Completed in 1710, Louis XIV’s dazzling Chapelle royale de Versailles, polychromatic marble floor to soaring frescoed vault, is if not geographically then certainly a metaphorical world apart from the rather more down-to-earth Samuel Hall Currelly Gallery at Toronto’s Royal Ontario Museum. Repurposed and renovated in the early 2000s as a multi-functional special events venue, the former exhibition-cum-gathering space radiates purposefulness, an imposing LED-lit dinosaur skeleton and scattered showcases punctuating the otherwise understated setting.

Reprising its crossover Baroque concert offering, The Angel Speaks, premiered in Versailles in December 2018, Canada’s early opera ambassador-at-large, Opera Atelier, eagerly pushed beyond the limits of appointed time and place at ROM last Thursday night. Blending period performance with a distinctly contemporary approach to music and expression, singer-actors, dancers and ensemble players seamlessly partnered one another in an inspiring demonstration of theatrical kinship. The palpable religiosity so vividly apparent in the company’s original presentation of the intense, one-hour performance piece directed by Marshall Pynkoski, the overt transcendent values that flowed so freely in the charged Rococo milieu of the Chapel Royal, were, if not supplanted, then largely overwritten by a powerful sense of shared humanity.

Traversing successive selections by Henry Purcell in the first half of the program with a passing nod to William Boyce, singers Jesse Blumberg and Mireille Asselin joined by a compact corps of artists drawn from Atelier Ballet all masterfully supported by members of Tafelmusik enchanted in a gently eclectic program.
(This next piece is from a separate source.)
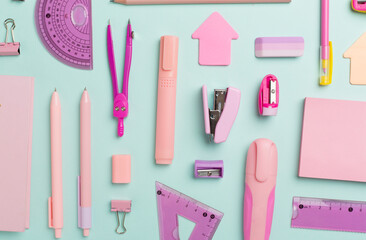 Pattern with pink school stationery on color backgroung, top view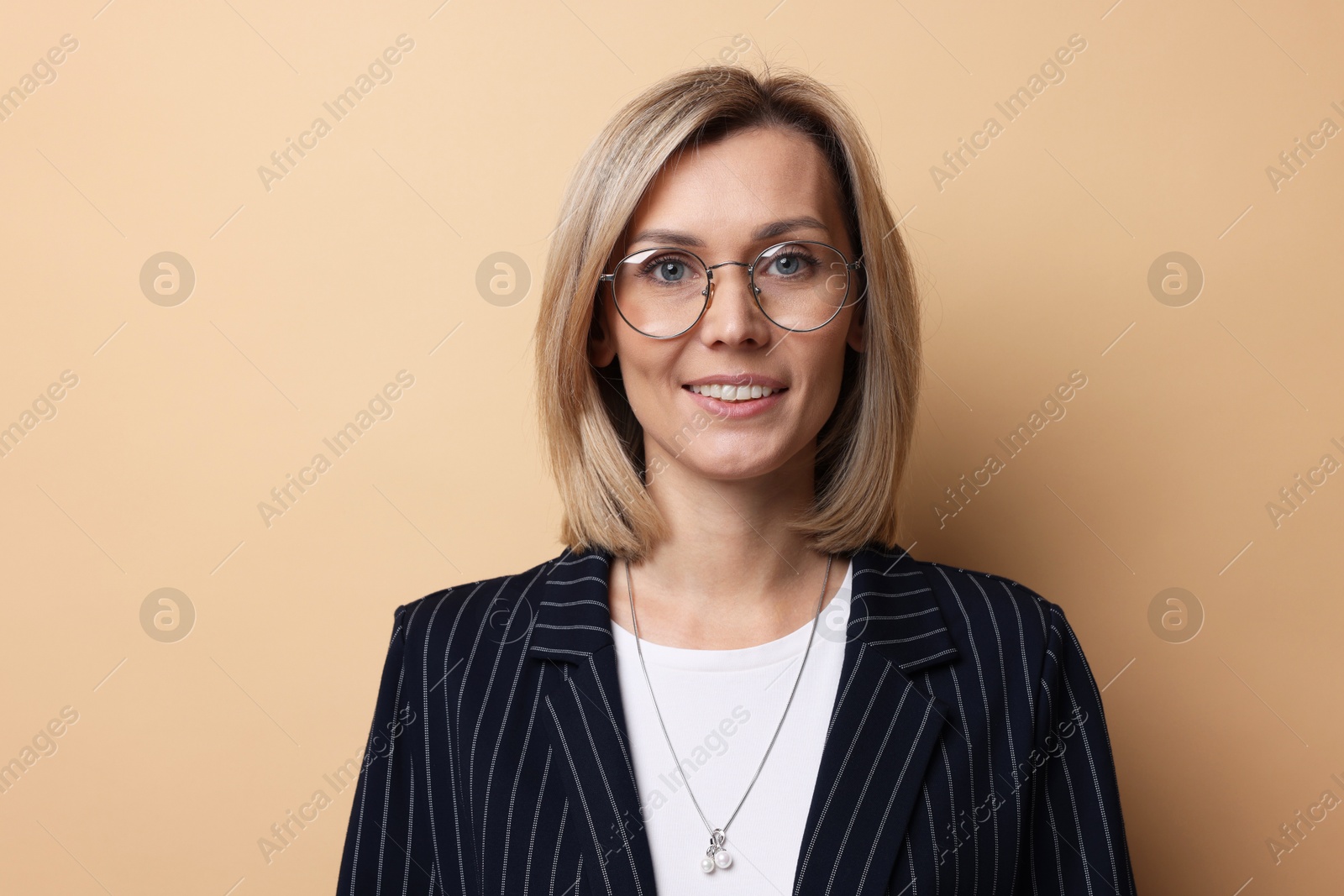 Photo of Portrait of businesswoman in glasses on beige background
The need to compartmentalize music in the late 17th century was infinitely less compulsive than it is today. Secular and religious, the sacred and the profane, style and form frequently intertwined. Nimble craftsmen like Purcell invested their sacred works with all the drama and emotional rise and fall of a wholly theatrical experience. A deft hand at masque and opera, one of the very first native-born composers to write English music drama, Purcell forever kept at least one leg on the actorly side of the footlights. Airs like Music for a While, richly voiced by Blumberg by way of ROM concert prelude, and occasional songs on the order of See Nature Rejoicing, Asselin’s bright crystalline instrument topping Purcell’s courtly soprano-baritone duet, epitomize the composer’s ability to command attention. Songs of all sorts, theatre music, hymns and anthems, it was all music to Purcell’s ears. His devotees then and now adored it, the capacity Queen’s Park museum audience quite clearly no exception.

A pair of original compositions by Baroque/folk violinist Edwin Huizinga seized centre stage in part two of the evening. The first, a cantata entitled Annunciation, recently commissioned by Opera Atelier with text by metaphysical modernist poet Rainer Maria Rilke poignantly detailed the Archangel Gabriel’s sudden appearance before a fearful, ultimately wonderstruck Virgin. The news he bears is both startling and mysterious. Sung by Blumberg with exquisite intensity as the voice of the Angel, danced with stunning grace by choreographer/OA principal artist Tyler Gledhill as Gabriel witnessed in physical form, the encounter, as tenderly set by Huizinga, assumed inexpressibly poignant dimensions.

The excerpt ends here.